Step markers are either not getting logged by Keras or are not being read by tensorboard. I would expect that this information is logged so that I can use the module for optimizing tf.data usage. The environment that this is run in is a standard tensorflow docker container with the only additional package installed being tensorboard_plugin_profile
I also experienced a similar problem, with TF 2.11. I used a GPU, CUPTI was working, and many "Tools" in the profiler showed data:
trace_viewershows both CPU and GPU operationsmemory_profileshows GPU memory utilization- ...
but some tools did not
overview_page, showing the same warning as above,input_pipeline_analyzershowed a warning about no step markers,pod_viewer, showing the same warning about no step marker being observed.
However, when I upgraded the protobuf package to 3.20.3, the profile plugin started showing all the data. However, TF 2.11 is not compatible with this protobuf (it requires protobuf < 3.20), so I ended up creating a virtual environment for TensorBoard 2.11 itself, with protobuf 3.20.3.
Also note that with TF 2.12.0rc0, the profile plugin does not even load, because TF 2.12.0rc0 by default uses protobuf with major version 4, but the profile plugin is not compatible with it (it seems to require protobuf < 4) -- but I assume the 2.12 version of the profile plugin will be made compatible (or explicitly require protobuf < 4).

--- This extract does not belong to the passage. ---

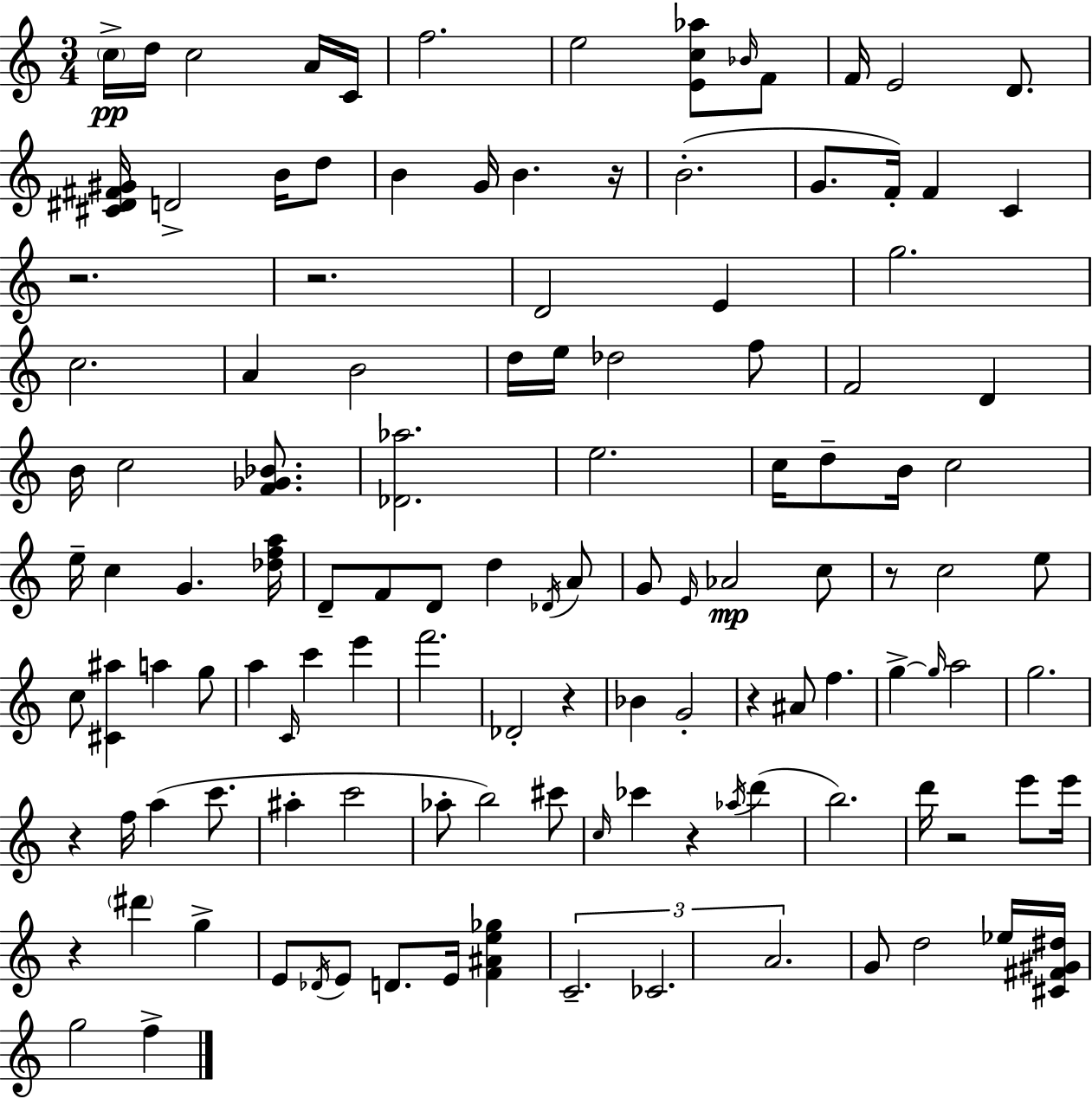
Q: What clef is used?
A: treble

Thank you very much for your help @foxik! I'll try and get this to work the way you have suggested and spend some time understanding protocol buffers better to be able to understand the root cause. I will provide updates here.
Hi @pritamdodeja ,
The profiler is at its own repo: https://github.com/tensorflow/profiler/issues Could you reraise this issue there and perhaps mention the information from @foxik in case this really is a protobuf compatibility issue?
@bmd3k traveling for work, will do this in the next couple of days. Thanks!
@bmd3k I have opened the issue at https://github.com/tensorflow/profiler/issues/578 - let me know if I can go ahead and close it out here. Thanks!
Still having the same issue in tensorflow 2.12.0 with protobuf=3.20.0. Is there a fix to the issue ? Thank you !
I have the same issue with TF2.11
Any update here please
The bug is caused by this commit where the GroupTfEvents was moved from the producer side to the PreprocessSingleHostXPlane() (the consumer side). When there is only one XSpace, it won’t do the Grouping and preprocessing (code), hence causing the generated op stats doesn’t have any group_id defined, and no step marker will be generated (code).
The Bug was fixed in tf 2.12 by this commit.
I have validated the tf 2.12 works to read previous generated tf profiling results.